During recredentialing, Cigna verifies key elements: valid professional licensure, current liability insurance, DEA registration (when applicable for prescribing controlled substances), education and training credentials, complete work history, and comprehensive sanction checks. Timely completion of recredentialing requests helps ensure uninterrupted network participation. 

Continuous Monitoring Between Cycles 

Cigna conducts ongoing monitoring of providers between recredentialing cycles. This surveillance includes checking regulatory databases, reviewing complaints, monitoring for sanctions, and examining public reports about provider quality and safety. 

Regulatory Database Monitoring: Between recredentialing cycles, Cigna monitors state medical board databases, federal exclusion lists, and sanction databases. This helps identify license changes, restrictions, or disciplinary actions as they occur rather than waiting for the next formal recredentialing cycle. 

Complaints and Quality Oversight: Patient complaints, quality concerns, and member grievances are reviewed through established processes. Significant issues may be referred to credentialing committees for evaluation. 

Sanctions and Disciplinary Actions: Sanctions imposed by licensing boards, Medicare/Medicaid programs, or other regulatory bodies are monitored and may trigger review of network participation status. 

Public Information: Publicly available information about provider quality, including hospital disciplinary actions and malpractice judgments, is monitored as part of ongoing oversight. 

Core Credentialing Requirements 

Cigna's credentialing criteria include verification of: 

  • Valid, unrestricted professional license in states where the provider practices 
  • Professional liability insurance meeting specified coverage requirements 
  • DEA registration for providers prescribing controlled substances 
  • Education and training, including medical school, residency, fellowship, and board certification status 
  • Work history documentation 
  • Sanction checks across relevant databases to identify disciplinary history, malpractice settlements, or program exclusions 

What Providers Should Know 

To maintain network participation with Cigna: 

Keep credentials current: Maintain active licenses, DEA registrations (if applicable), and liability insurance without lapses. Expired credentials can affect network participation status. 

Complete recredentialing requests: Respond to recredentialing requests within the timeframes specified. Behavioral health providers should note that Cigna Behavioral Health has specific recredentialing timelines and notification requirements. 

Report changes: Providers are expected to notify Cigna of significant changes, including practice location changes, malpractice claims, or disciplinary actions. 

Maintain quality standards: Address any quality concerns or complaints through appropriate channels. Ongoing monitoring processes help identify issues that may require attention. 

Understanding the Standards 

While specific internal processes may vary, Cigna's credentialing program is designed to align with industry practices. The three-year recredentialing cycle, ongoing monitoring between cycles, and comprehensive verification requirements reflect standard approaches used across the healthcare industry. 
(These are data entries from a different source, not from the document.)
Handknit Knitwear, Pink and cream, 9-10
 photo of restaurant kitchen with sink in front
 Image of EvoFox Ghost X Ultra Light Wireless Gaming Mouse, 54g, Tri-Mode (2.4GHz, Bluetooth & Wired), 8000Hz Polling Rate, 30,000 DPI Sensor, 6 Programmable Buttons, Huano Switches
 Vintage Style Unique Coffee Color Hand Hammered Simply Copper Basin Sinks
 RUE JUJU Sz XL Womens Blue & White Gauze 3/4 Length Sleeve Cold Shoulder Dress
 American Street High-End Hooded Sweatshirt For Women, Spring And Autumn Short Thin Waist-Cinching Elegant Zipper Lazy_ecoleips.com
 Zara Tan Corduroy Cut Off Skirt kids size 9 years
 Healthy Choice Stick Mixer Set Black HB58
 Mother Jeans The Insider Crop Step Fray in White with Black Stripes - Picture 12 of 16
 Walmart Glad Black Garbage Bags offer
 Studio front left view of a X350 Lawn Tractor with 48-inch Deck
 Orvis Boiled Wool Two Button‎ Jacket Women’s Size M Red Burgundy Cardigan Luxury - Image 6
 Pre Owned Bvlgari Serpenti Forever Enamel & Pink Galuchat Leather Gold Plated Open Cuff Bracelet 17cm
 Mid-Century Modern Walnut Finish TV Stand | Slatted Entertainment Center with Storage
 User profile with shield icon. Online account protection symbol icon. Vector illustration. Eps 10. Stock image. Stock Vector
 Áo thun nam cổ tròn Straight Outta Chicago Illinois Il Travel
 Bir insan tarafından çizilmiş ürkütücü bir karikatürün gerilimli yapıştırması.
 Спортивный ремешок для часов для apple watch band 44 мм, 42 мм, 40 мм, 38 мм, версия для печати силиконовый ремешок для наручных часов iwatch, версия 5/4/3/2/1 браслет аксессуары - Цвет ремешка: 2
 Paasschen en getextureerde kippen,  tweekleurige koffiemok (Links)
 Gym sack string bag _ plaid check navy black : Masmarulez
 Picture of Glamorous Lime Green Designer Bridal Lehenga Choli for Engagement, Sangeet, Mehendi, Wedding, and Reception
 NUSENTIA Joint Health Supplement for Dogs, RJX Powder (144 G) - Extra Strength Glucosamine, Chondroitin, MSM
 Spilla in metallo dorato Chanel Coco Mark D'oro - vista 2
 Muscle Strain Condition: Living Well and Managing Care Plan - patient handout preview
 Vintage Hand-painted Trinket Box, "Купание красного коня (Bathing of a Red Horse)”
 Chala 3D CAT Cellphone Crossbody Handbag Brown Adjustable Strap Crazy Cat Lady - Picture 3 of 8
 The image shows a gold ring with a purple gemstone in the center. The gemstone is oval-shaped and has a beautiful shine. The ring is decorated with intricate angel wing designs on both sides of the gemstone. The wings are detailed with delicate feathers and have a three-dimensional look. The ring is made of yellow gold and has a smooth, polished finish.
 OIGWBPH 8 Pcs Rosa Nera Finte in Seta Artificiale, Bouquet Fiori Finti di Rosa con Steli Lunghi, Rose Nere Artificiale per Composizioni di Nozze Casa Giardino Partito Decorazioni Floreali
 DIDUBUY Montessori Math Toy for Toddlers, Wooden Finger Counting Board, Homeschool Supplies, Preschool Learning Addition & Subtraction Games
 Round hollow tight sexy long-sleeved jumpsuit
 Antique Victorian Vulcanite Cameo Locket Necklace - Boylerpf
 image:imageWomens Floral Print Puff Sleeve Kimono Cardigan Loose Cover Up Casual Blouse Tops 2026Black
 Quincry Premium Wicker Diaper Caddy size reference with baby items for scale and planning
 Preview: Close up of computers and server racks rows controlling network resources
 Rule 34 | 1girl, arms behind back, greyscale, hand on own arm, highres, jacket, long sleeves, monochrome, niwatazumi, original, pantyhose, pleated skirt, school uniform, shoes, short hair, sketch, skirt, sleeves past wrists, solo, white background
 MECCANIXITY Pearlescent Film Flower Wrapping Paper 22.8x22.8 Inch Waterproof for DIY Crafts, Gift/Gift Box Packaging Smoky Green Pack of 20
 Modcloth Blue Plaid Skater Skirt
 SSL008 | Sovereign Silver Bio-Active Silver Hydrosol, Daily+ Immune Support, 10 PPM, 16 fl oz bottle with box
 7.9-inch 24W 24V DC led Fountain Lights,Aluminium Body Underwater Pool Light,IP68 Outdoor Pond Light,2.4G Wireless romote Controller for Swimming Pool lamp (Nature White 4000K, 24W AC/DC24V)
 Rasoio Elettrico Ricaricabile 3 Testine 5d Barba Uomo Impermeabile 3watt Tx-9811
Providers should familiarize themselves with Cigna's specific credentialing requirements, which may be detailed in provider manuals, contracts, or available through Cigna's provider relations representatives. Requirements may vary by state, provider type, and line of business (medical vs. behavioral health). 

At WCH, we help providers navigate credentialing requirements across multiple payers, maintain compliance documentation, and address credentialing issues that arise. Effective credentialing management is essential for network participation and practice stability. 

Sources: 

  • Cigna Healthcare. Provider credentialing and recredentialing documentation and requirements. 
  • National Committee for Quality Assurance (NCQA). Industry credentialing standards. 
  • State-specific Cigna provider manuals and credentialing guides.